Algo interesante que el propio Beauchamp compartió en un pódcast reciente es lo que podemos llamar como la tranquila imposición autoritaria. La concentración de poder en unas cuantas manos, aquello que llamamos dictadura, no ocurre como un trueno o un estallido repentino. En tiempos donde las elecciones son populares incluso donde sabemos que no hay competencia real por el poder, los sistemas autoritarios se imponen en periodos más o menos largos.
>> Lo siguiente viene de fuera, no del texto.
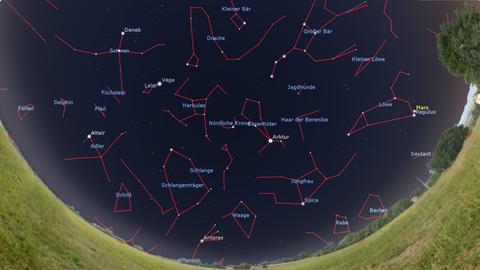 Das Bild zeigt den nächtlichen Sternenhimmel mit Sternbildern und Planeten, darunter Mars. Die Sternbilder sind mit roten Linien verbunden und auf Deutsch beschriftet. Der Himmel ist klar, der Horizont mit Wiese und Bäumen sichtbar.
Por ejemplo, según las encuestas, los venezolanos no supieron que navegaban hacia la dictadura hasta una década después del triunfo de Hugo Chávez. Durante el periodo 2002-2011, los venezolanos mostraban una valoración más o menos positiva de su democracia. Creían el cuento aquél de que el régimen estaba instaurando una democracia participativa más profunda que las liberales de Occidente.
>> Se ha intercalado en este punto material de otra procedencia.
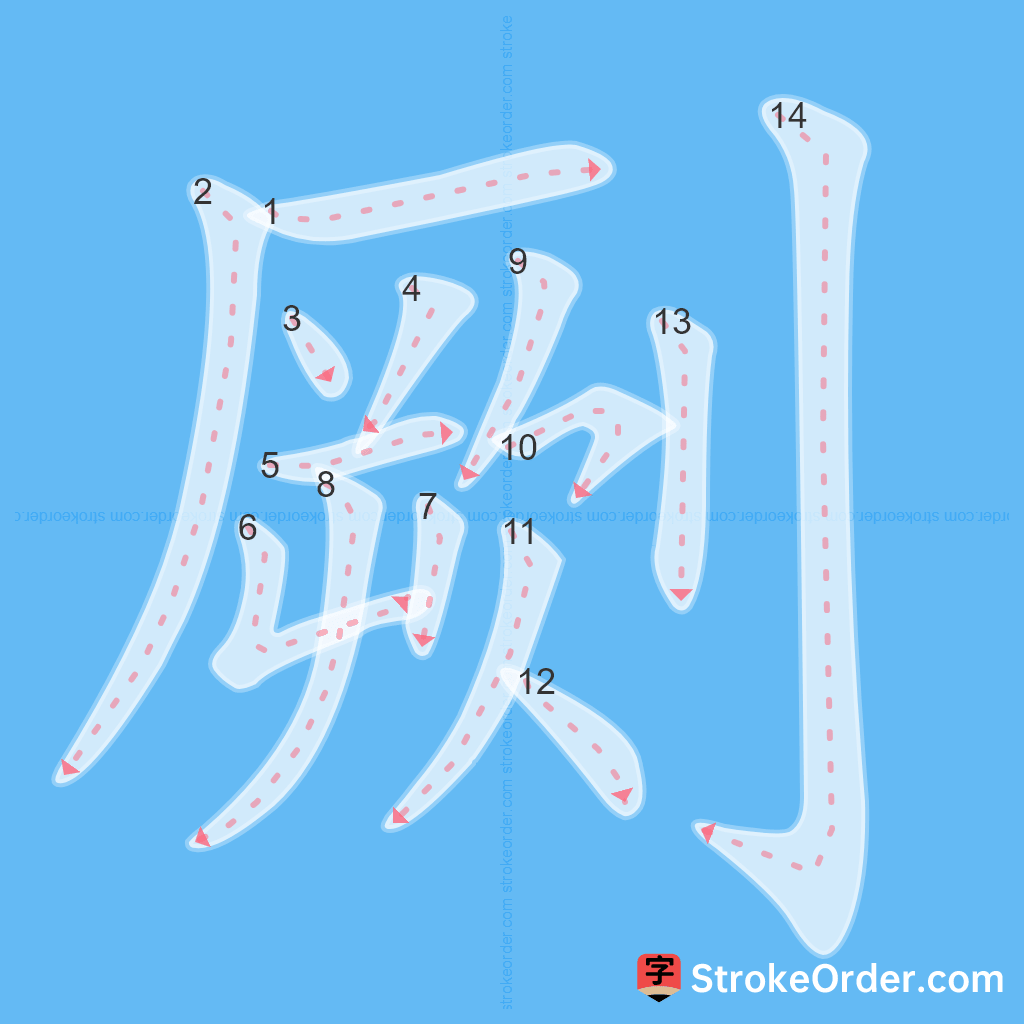 Standard stroke order for the Chinese character 劂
No obstante, el caso más paradigmático de tranquila imposición autoritaria es Hungría. No llama mucho la atención en México, pero Hungría ha pasado de ser una democracia naciente, surgida de la disolución de los viejos imperios (austrohúngaro y soviético), a ser un sistema autoritario en donde el poder central controla todo: jueces, medios, legisladores. El Estado húngaro es Víktor Orbán y su partido -Fidesz. Es llamativo porque Fidesz proviene de “jóvenes por la democracia”, un partido surgido para evitar que Hungría cayera en la nostalgia socialista o en la trampa neofascista.
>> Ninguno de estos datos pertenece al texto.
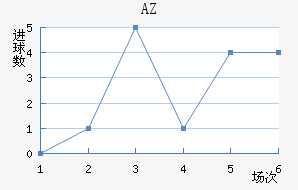 AZ 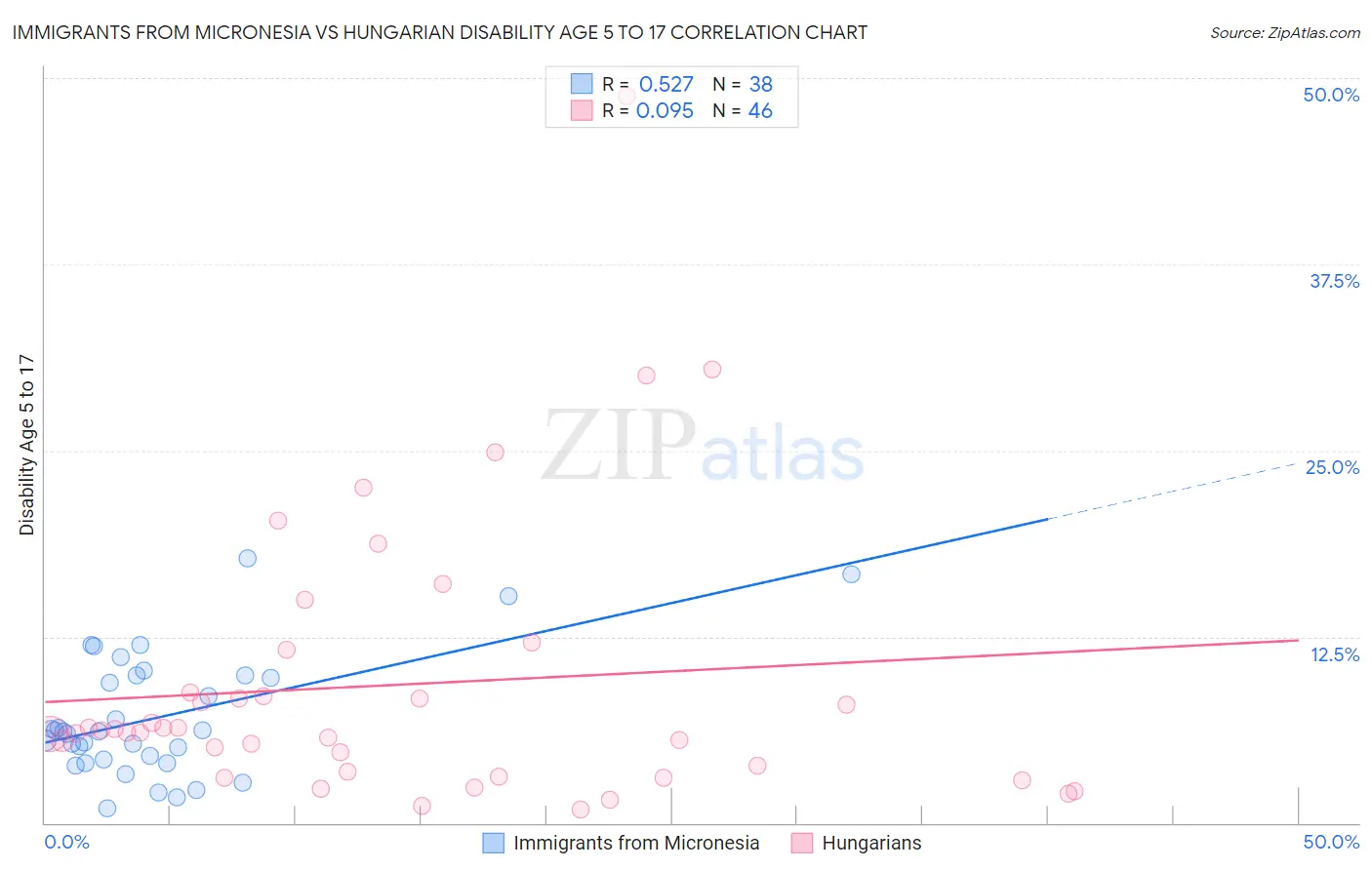 Immigrants from Micronesia vs Hungarian Disability Age 5 to 17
Una gran parte de la deriva autoritaria del régimen húngaro tiene que ver con el Poder Judicial. Orbán y su camarilla se han encargado de decirle al pueblo húngaro que los jueces son los portavoces de la oligarquía. Que son los defensores de la élite y los empleados de George Soros. La Unión Europea ha expresado su preocupación por la falta de independencia de los jueces. En 13 años, Orbán destruyó la independencia de todo: medios, sociedad civil, universidades, jueces. Sin embargo, lo hizo en calma, con cadencia, sin levantar alarmismo. Es interesante cómo muchas veces es difícil ver lo que está frente a nuestras narices. Muchos húngaros no sienten que viven en una autocracia.
Donald Trump se está topando con lo mismo. Si no fuera por los tribunales, Estados Unidos ya no sería una democracia. No obstante, el poder judicial estadounidense resiste y le dicen no a ese presidente con ínfulas de monarca. La narrativa de Trump me recuerda mucho a la de López Obrador o Sheinbaum: los jueces contra el pueblo. Como si una mayoría parlamentaria diera el aval para desobedecer la ley.
No nos engañemos, la reforma judicial ya entregó las llaves del Poder Judicial a Morena. Ya no hay forma de evitarlo a corto plazo. Los candidatos fueron elegidos por ellos, el proceso está bajos sus normas y controlan incluso los conteos de votos. Sin embargo, aquellos que creemos en la separación de poder, en la carrera judicial y en la meritocracia debemos ver más allá. Si la votación supera el 20% de la lista nominal, Morena saldrá a decir que fue un éxito. Si, por el contrario, la participación se ubica en un dígito, todos podremos asumir que la ciudadanía le dio la espalda al ejercicio.
Aunque el régimen quiera hacerlo, es imposible defender una reforma judicial que cuenta con la participación de 3 o 4% de los ciudadanos. ¿Qué democrático tiene un ejercicio en donde 4 de cada 100 deciden el rumbo del Poder Judicial? ¿Qué legitimidad tiene un proceso electoral con 95-96% de abstención? No lo olvidemos: el abstencionismo fue clave para que el régimen priista abordara en 1977 la reforma política que fue abriendo los canales democráticos en México. La no participación del PAN en aquella elección, en donde resultó ungido López Portillo, fue mucho más importante que haber registrado candidato presidencial. Cito a Javier Cercas: la valentía es saber decir que no cuando todo te orilla a decir que sí. Aplicado al caso mexicano: NO a la farsa de la elección judicial. No votes.